Trx Redox State Change Induced by ATO.

Although overall Trx content in the cell lysates appeared unaffected, as shown by TrxR-dependent insulin reduction assay, Trx could be reversibly inactivated by a change of its redox state because of the inhibition of TrxR, which is the only electron donor for Trx. We used iodoacetamide to alkylate free thiols under denaturing conditions, and subsequently the alkylated samples were analyzed by running a nonreducing SDS/polyacrylamide gel to detect the Trx redox state by Western blotting. In the control sample without ATO treatment, part of Trx was observed in the monomer form, and some formed oligomers or complexes with other proteins, but little was found in dimeric or trimeric forms (Fig. 3).
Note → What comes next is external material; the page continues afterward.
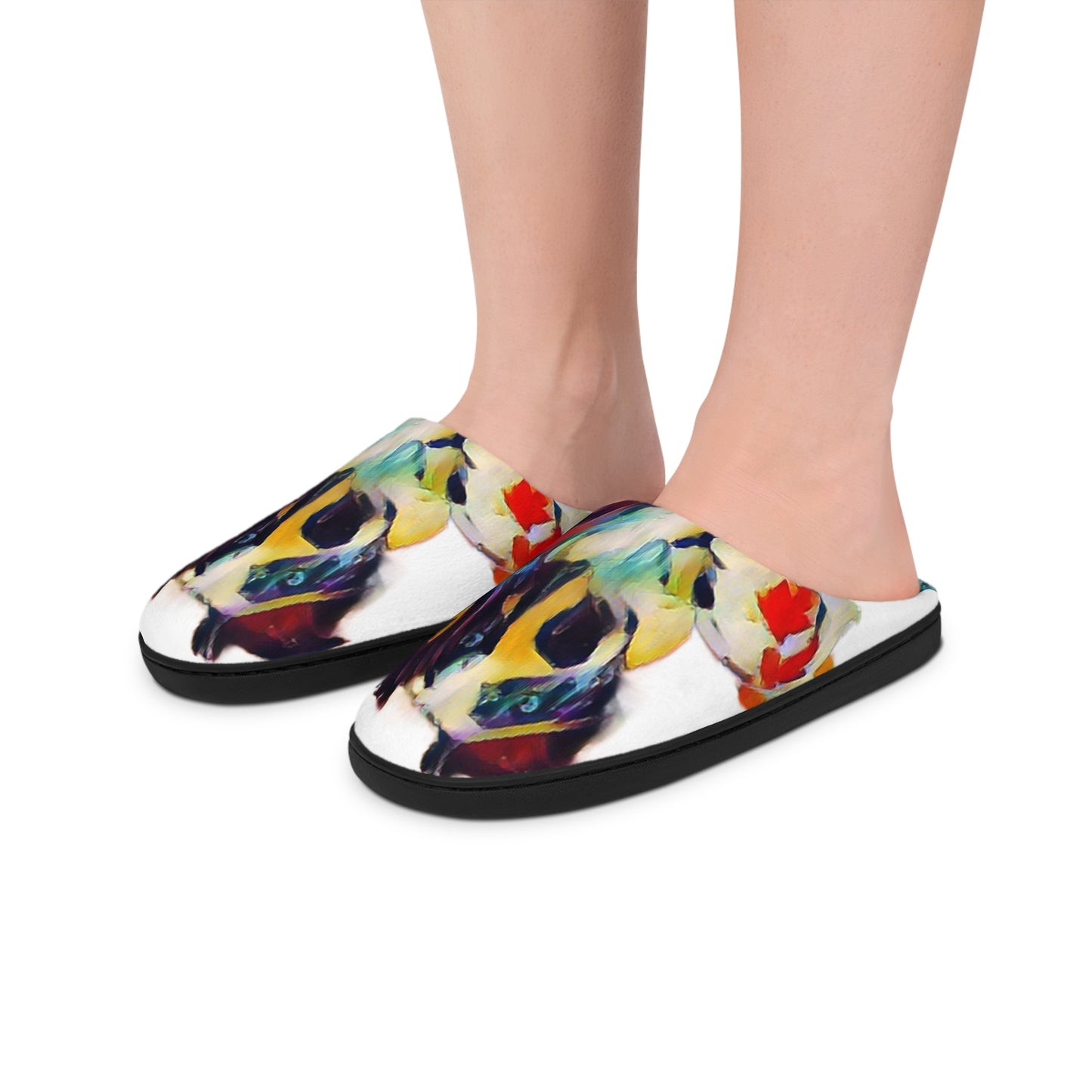 Women's Indoor Slippers ... Ozzy-Hippensteel ... "Don't Cry Now ... Dry-Your-Eyes ... On-The-Wind". Original Works. May 2023.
Treatment with 2.5 and 5.0 μM ATO for 48 h resulted in a decrease of the 12-kDa monomer part of Trx, whereas the high molecular mass part of oligomer or complex increased. We present direct evidence to show that Trx can exist in the form with mixed protein disulfides in vivo. This protein–protein interaction by interdisulfide bond is distinct from the noncovalent hydrophobic interaction between reduced E. coli Trx and T7 DNA polymerase, the other well known Trx–protein interaction pattern (34). In the loading control for the SDS/polyacrylamide gel, the Trx amount was shown to be equal in all of the samples. This result showed that ATO treatment induced loss of TrxR activity and subsequent dramatic oxidation of Trx.

Fig. 3.

Fig. 3.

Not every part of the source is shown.